Spray code recognition results

As shown in Table 7, the proposed SVTR-MG network demonstrates strong robustness in complex food packaging spray code scenarios. For low-contrast spray codes in dimly lit environments (Figures 2, 9, and 10), the model accurately extracts character edge features using the local illumination equalization capability of the MDFA module, without missing or missegmenting any characters.

Table 7 Spray code recognition results.

For long text spray codes (Figure 6, with 15 or more characters), the global sequence modeling of the GCSA module effectively avoids character attachment errors caused by attention shifts in traditional methods, achieving a 98.7% accuracy for continuous character recognition. For spray codes on curved packaging with geometric distortion (Figures 11, 14, and 15), the model improves the recognition accuracy of curved characters to 94.2% through dynamic perspective correction and deformation-aware loss functions, significantly outperforming comparison methods.

Notably, in Fig. 5, the letter “G” is erroneously recognized as “C”, due to two primary factors: first, the spray code sample is affected by both dim lighting and uneven ink application, leading to the missing horizontal line at the bottom of “G” (see the zoomed-in region in Fig. 5), which makes its visual features nearly identical to those of “C”; second, the training set contains an insufficient proportion of these “low-quality + dim-light” dual-interference samples (only 0.3%), limiting the model’s ability to learn discriminative features.

In the future, synthetic data augmentation techniques-such as controllable lighting rendering and ink defect simulation-can be used to expand such extreme samples, enhancing the model’s ability to discriminate the local topological structures of characters.

Conclusion

To address the challenges of food packaging spray code recognition-such as small characters, inconsistent print quality, material reflections, and deformations-this paper presents the SVTR-MG network as a solution. By integrating the Multi-Scale Dense Feature Aggregation (MDFA) module and the Global Contextual Self-Attention (GCSA) module, the model achieves a collaborative optimization between local detail enhancement and global semantic modeling. The MDFA module enhances the representation of small characters and deformed regions through dynamic multi-scale feature fusion, while the GCSA module effectively models long-range character dependencies using axial attention mechanisms, thereby mitigating the effects of uneven lighting and curved spray codes.

Experimental results show that SVTR-MG achieves 93.2% accuracy in complex industrial scenarios, outperforming methods like CRNN and ABINet by 5.8%, while meeting real-time detection requirements (average image processing time: 12.3 ms).

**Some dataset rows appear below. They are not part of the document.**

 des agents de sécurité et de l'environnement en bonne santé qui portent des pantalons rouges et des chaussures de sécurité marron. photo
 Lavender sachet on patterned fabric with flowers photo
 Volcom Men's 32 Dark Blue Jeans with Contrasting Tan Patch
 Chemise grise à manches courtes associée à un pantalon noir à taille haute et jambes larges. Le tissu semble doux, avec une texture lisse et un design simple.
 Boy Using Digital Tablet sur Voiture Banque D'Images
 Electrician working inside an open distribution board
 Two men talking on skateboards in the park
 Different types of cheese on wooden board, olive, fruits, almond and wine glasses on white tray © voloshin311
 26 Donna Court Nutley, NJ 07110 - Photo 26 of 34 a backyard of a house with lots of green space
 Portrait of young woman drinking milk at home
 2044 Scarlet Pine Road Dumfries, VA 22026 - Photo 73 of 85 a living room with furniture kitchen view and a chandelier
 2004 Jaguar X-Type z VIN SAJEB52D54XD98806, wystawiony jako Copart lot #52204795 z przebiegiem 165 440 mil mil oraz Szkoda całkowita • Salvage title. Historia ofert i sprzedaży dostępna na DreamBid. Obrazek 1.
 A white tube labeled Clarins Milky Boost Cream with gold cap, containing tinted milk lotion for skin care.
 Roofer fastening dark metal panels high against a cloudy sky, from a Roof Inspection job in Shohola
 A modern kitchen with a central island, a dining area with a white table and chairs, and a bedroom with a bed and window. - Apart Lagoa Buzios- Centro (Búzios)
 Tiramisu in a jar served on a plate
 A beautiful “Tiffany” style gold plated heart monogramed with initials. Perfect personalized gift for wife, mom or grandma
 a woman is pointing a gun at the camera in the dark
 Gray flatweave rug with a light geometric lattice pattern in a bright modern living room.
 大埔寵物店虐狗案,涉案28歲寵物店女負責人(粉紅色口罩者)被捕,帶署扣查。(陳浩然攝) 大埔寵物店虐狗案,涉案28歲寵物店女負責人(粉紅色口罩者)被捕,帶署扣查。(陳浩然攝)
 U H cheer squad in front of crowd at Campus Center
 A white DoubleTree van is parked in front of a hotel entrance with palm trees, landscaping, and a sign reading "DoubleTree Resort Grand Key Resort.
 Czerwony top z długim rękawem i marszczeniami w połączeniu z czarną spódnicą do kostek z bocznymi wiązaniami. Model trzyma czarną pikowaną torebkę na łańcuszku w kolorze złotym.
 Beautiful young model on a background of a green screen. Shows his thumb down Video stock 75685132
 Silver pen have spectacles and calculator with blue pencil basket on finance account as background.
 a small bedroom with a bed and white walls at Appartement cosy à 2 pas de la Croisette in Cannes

This approach provides high precision and efficiency for the automation of food packaging spray code recognition, ensuring the reliability of product traceability and quality control.

Future work will focus on enhancing the model’s generalization in extreme low-light and high-reflection conditions and explore its transferability in cross-category packaging spray code recognition to further expand industrial applicability.